車名は、1907年から続くイギリス伝統の公道レース「マン島TT」が由来。コース内にある「グースネック(Gooseneck)」と呼ばれるヘアピンコーナーの名前から取ったという。そして、その車名の由来からも分かる通り、このモデルは、コーナーでバツグンな操作性が話題となり、一斉を風靡した。

高剛性の鋼管ダイヤモンドフレームで構成したスリムな車体は、往年のシングルレーサーを彷彿とさせるもの。また、足まわりには、前輪に倒立フロントフォークを採用するなどで、本格的な走りを実現。

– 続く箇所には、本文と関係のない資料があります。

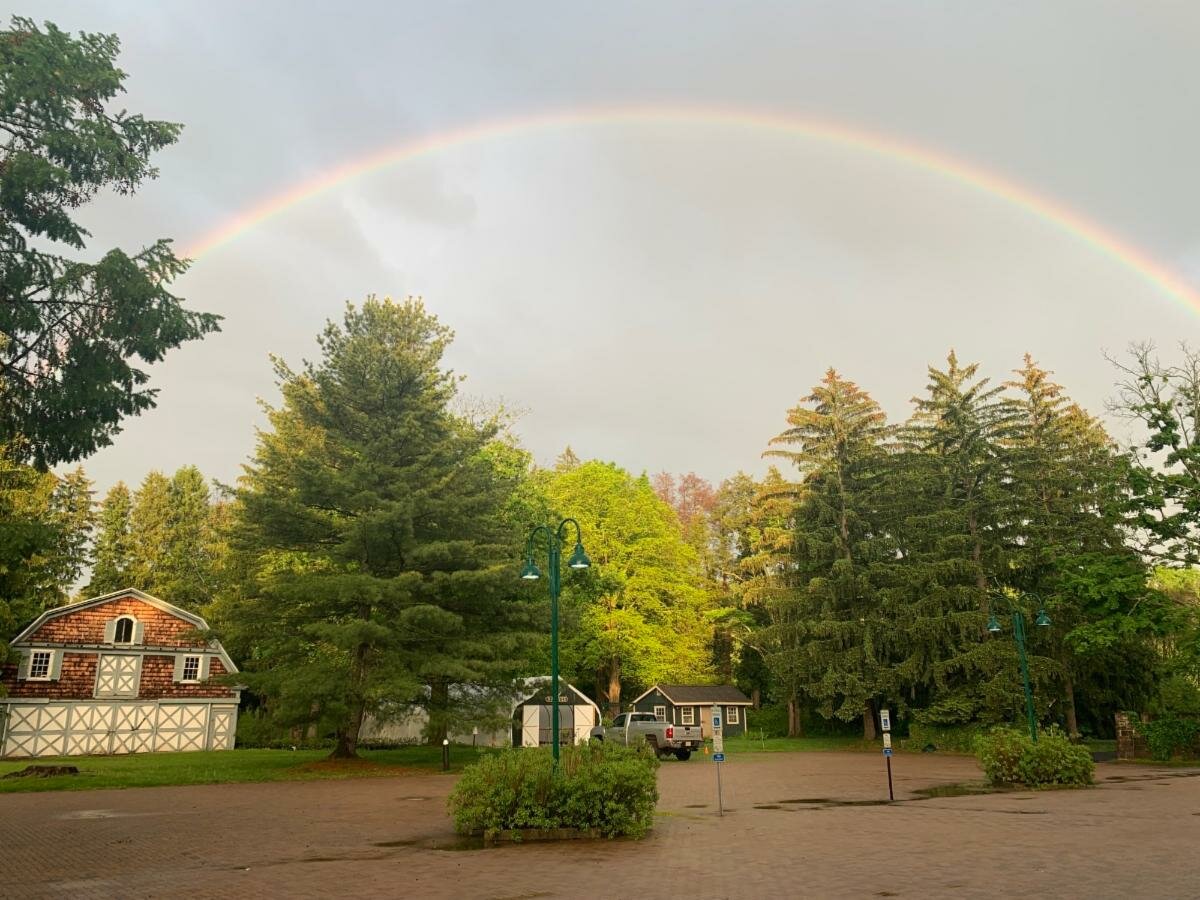 A rainbow encompasses the carriage barn at the Johnson Education Center.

加えて、348cc・油冷4サイクル単気筒エンジンは、レッドゾーンを10000回転とし、単気筒としてはかなりの高回転まで回る設定に。最高出力こそ33PSと、当時人気だった250cc・2ストレプリカの40PSに及ばなかったものの、低回転から高回転まで充分なトルクを発生し、扱いやすさも抜群。乾燥重量145kgという軽量な車体と相まって、コーナーでレプリカマシンを抜き去るほどの軽快なハンドリングを実現していた。

ちなみに、グース350が登場した1991年はレプリカバイク全盛期。WGP(現在のMotoGP)で活躍した250cc・2ストローク2気筒マシンや、耐久レースに出場した400cc・4ストローク4気筒のマシンなど、レーサー風のフルカウルモデルに人気が集中していた時代だ。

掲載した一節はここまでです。